At her home in south Bangalore, Anupama Hoskere has her dolls arranged to tell stories from the Mahabharata and the Ramayana. This display of dolls is part of an unbroken tradition and is the labour of love of a woman who studied to be an engineer. Her aim is to involve the children of today in these ancient traditions.
Anupama told NDTV, "As a child, I always enjoyed this festival. There was always excitement about bringing things out of the cupboard and putting it up. I looked at the children, looked at the dolls and said they really need this. And that's how it really started because I wanted to reintroduce this in a way that today's children would accept it, have fun with it.

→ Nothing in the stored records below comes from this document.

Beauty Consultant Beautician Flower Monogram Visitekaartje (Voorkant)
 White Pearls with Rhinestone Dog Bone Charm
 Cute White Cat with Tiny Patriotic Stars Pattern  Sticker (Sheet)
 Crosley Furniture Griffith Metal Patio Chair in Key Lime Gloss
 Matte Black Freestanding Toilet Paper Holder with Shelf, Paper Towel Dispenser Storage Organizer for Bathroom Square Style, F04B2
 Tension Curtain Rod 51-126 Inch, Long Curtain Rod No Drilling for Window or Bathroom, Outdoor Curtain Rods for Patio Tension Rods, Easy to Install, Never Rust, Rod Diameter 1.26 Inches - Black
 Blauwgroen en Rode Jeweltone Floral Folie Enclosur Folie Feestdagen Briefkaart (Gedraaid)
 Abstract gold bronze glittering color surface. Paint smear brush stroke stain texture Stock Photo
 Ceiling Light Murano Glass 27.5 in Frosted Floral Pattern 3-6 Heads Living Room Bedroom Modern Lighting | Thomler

That is the bottom line. If they have fun with something, they can learn about it, want to keep it."
The result was Dhaatu, a non-profit organisation which aims to revive, preserve and nurture Indian culture and art - a space that becomes a traditional dolls house for 10 days every year.
Anupama points with pride to the Gowri dolls, typical of Karnataka, four feet tall and made of wood. She says, "They have the joints the human beings have, they are made of wood. Special finish is done. Interestingly, the traditional puppetry of Karnataka and these dolls have a similar structure but the function is slightly different. Even here it is like a still theatre."
In Karnataka, the display of dolls had royal patronage as well - and it is fitting that this display also featured the famous Vijayadashami procession that is the culmination of the festival in the royal city of Mysore.
Dasara has been chosen as the state festival of Karnataka - and a vital, colourful part of this festival is the display of dolls throughout the ten days. This is a tradition that goes back thousands of years - and at Dhaatu, there is an attempt here to keep it alive. An attempt that certainly seems to be successful.